Sunday, November 15, 2009

HexEdit // More RAW


So the second thing Joe Gilmore put me onto was a Yahoo group called Databenders. Now I was aware that was a community of people actually making glitch-influenced work, but this was a pretty big group - it has almost 1,200 posts. It would be quite easy to immerse yourself in this niche source hacking culture, it's not just visual, I think more than I realised music is a huge part of it. I already new about musicians like Atom TM, Pixel and Alva Noto on the Raster Noton Label but there were people promoting a ton of events in this group in the vain of these avant-garde audiovisual artists. It's funny 'cause I've pretty much spent the last two years trying to work out where my visual practice met my music production and there's never been a more obvious connection. Anyway, thats a whole other story, what I found in one of the posts was a link for HexEdit, it does pretty much the same job as TextEdit, but it organises any files data in a completely different way. I was almost starting to see patterns in the code, I felt like Keanu must've felt in The Matrix....
I tried similar techniques as before to glitchify data images, this was the file shown in the post showing the process of it being torn apart through source deletion in HexEdit...












Alternatively I compiled it as a looped animated gif here.
It was interesting exploring the process of taking apart an image - considering its just a data-sourced image in the first place - until it was unrecognisable as the original.
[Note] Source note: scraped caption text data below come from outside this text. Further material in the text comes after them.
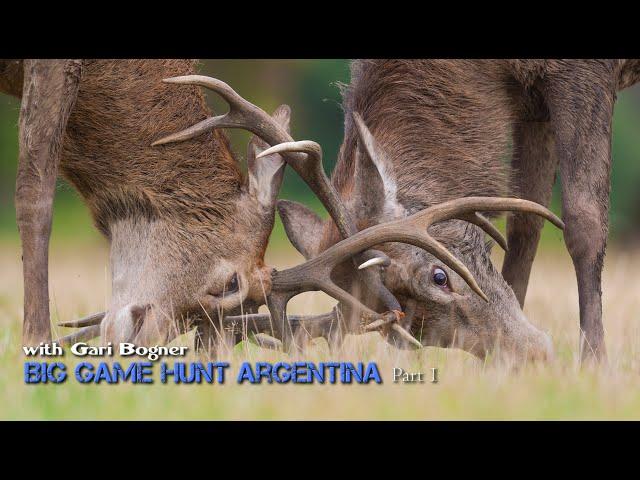 Hunt red deer in Argentina ️+= Big Red deer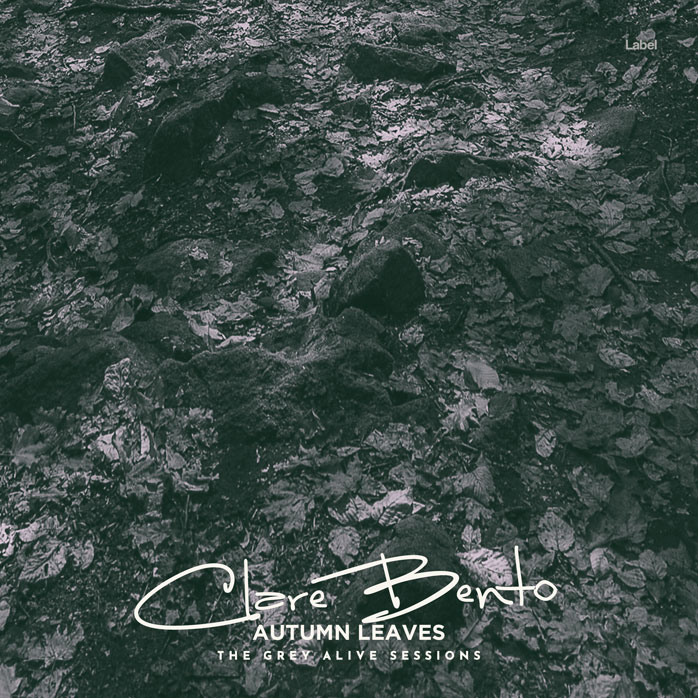 2D view of Premade Funk & Fusion Album Cover - Outer Space #8632 | AlbumArtZone*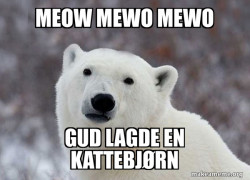 Popular Opinion Polar Bear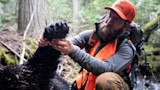 Man in orange MeatEater cap and safety vest kneeling in woods holding a black bear's paw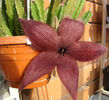 Stapelia grandiflora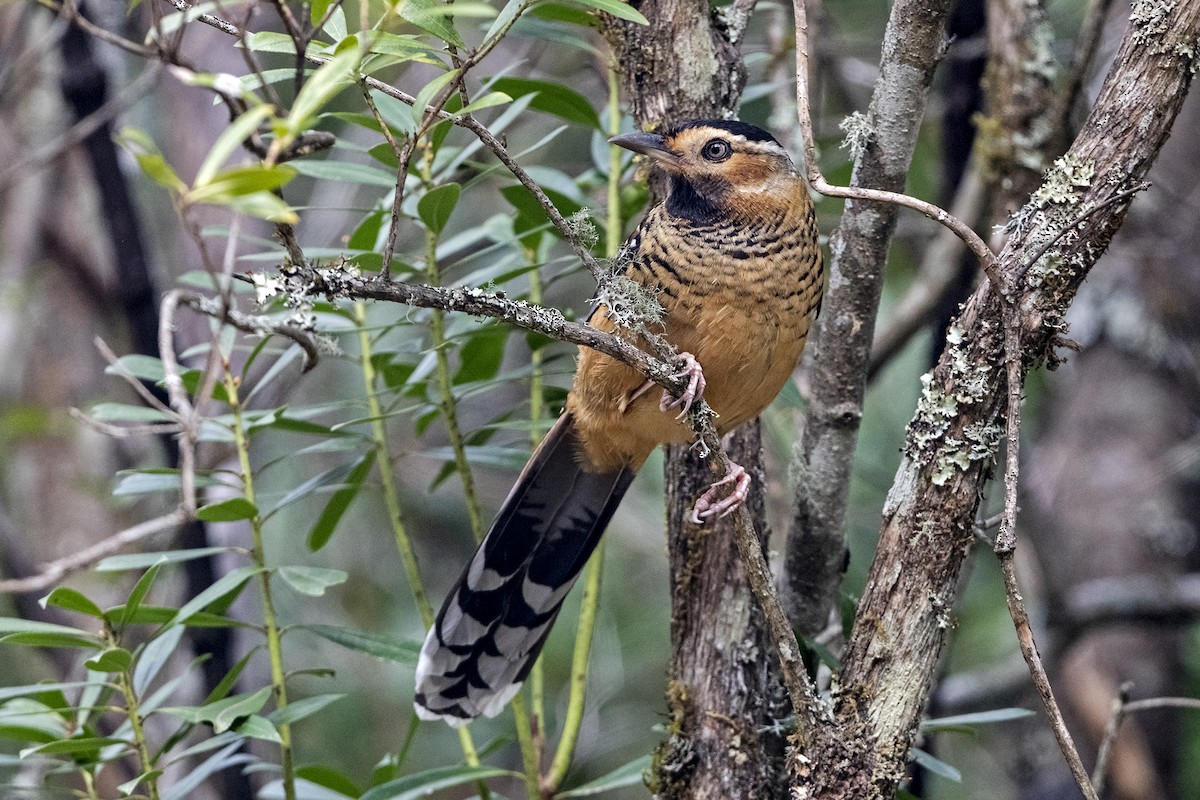 Spotted Laughingthrush (Black-headed) - ML647504971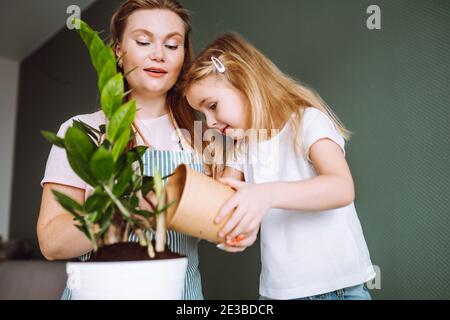 Familie der jungen blonden Frau und 5 Jahre altes Mädchen Transplantation Innenpflanzen zu Hause. Mutter und Tochter verbringen Zeit zusammen, Hausgartenarbeit. Stockfoto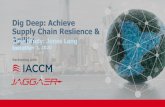 Dig Deep: Achieve Supply Chain Reslience & Agility Case ...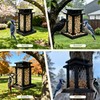 Square Crow Feeder - Hanging Whole Peanut Bird Feeder, Durable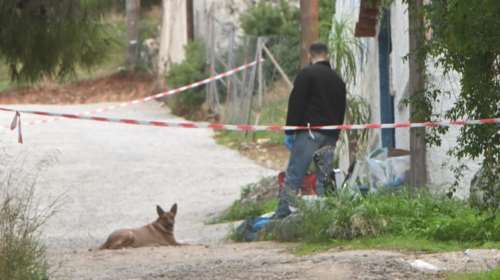 Σαλαμίνα: Μαρτυρικός ο θάνατος της 75χρονης - Ανοιχτό το ενδεχόμενο οι δράστες να είναι κοντά στο περιβάλλον της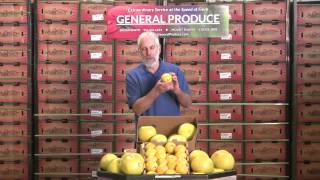 Produce Beat:  Grapefruit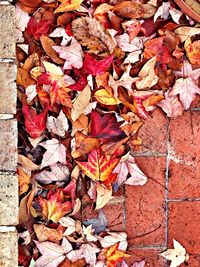 Full frame shot of leaves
Just after the last one shown, it was un-openable as a jpeg and had to be opened as a .raw file again in Photoshop, this created visuals I hadn't ever seen before, because the file was corrupted so much, there was far less of a pattern to these. Here the are in various different settings...







I think more than anything I learnt from this task how little I know. At least HexEdit made a little more sense in terms of the way it organised the source code, but I still have no idea what meant what, I feel like I need to stop thinking about what I can make go wrong and start by actually learning about how to make a code work, from scratch. I may regret saying this so late in the game.